To convert leads into sales and generate genuine referrals and repeat business you need to build trust. There are a number of ways to do this:

  1. Referrals and testimonials: Word-of-mouth is invaluable. Encourage your existing customers to refer you to their network, or elicit testimonials from your happiest clients. You could also have strategic partners in a complementary field who refer your business to their customers, for example a mortgage broker who refers business to a conveyancing firm.
  2. Positive media coverage: When a media outlet values your opinion, expertise or business activities, you’ll find customers will too. Case studies of how you helped a customer can be demonstrative of how your business works. A PR agency can help you with this.
  3. Education: By offering helpful advice, for example through a regular column or blog, social media or via webinar, you and your business will be seen as trustworthy.
  4. Samples and trials: Confident businesses often have ‘try before you buy’ offers with samples or trials so potential customers can see if the product/service matches their requirements.
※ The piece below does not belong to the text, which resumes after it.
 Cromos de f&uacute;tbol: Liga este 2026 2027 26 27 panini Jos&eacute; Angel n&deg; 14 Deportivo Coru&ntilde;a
Businesses give away samples of new products in letterbox drops or conference goodie bags, or offer trial periods for everything from software to gyms.
  5. Awards: Winning an award, or even becoming a finalist, is a great way to boost your profile as well as engender trust. Be selective about the awards you enter and aim for the ones your customers trust.

Understanding customer needs

The second decision point a potential customer will come to is: how will your business serve their needs and requirements? People don’t get emotional and passionate about ordinary products, a satisfactory result or a fair price. They will most value the element that pleasantly surprises them, that convinces them that their individual needs will have some resolution.

Developing a relationship with your potential customer and understanding what their needs and requirements are is the first step. Having your business, via its products or services, address those needs is key. Potential customers need to believe that you understand them, be confident that you can solve their problems through your service and business offering and access evidence that your business is as good as you say it is.

Providing evidence

How can you provide evidence to ‘prove’ your business is worth their trust? Start with a transparent and approachable attitude. Potential customers must feel comfortable enough to bring up questions and concerns and this could happen through a number of channels such as face-to-face, phone, online forums or even over social media. Go where you hear the most candid voices.

The second part is to have independent evidence available. Sources such as media coverage, awards and genuine testimonials are all good ways to provide credible information about your business and allow people to learn how you do business.

Finally, even when you have won over a potential customer, you must continue to ‘win them over’ by aligning what you say with what you do. Your and your business’ behaviour will continue to shape how customers view you and how much ongoing trust they will put in your organisation.

If you think you can improve your lead conversion and increase referrals and repeat business, take a good look at the areas where you’re losing potential customers. You may find that those customers may simply require you to be more forthright about the credibility and suitability of your business for their needs.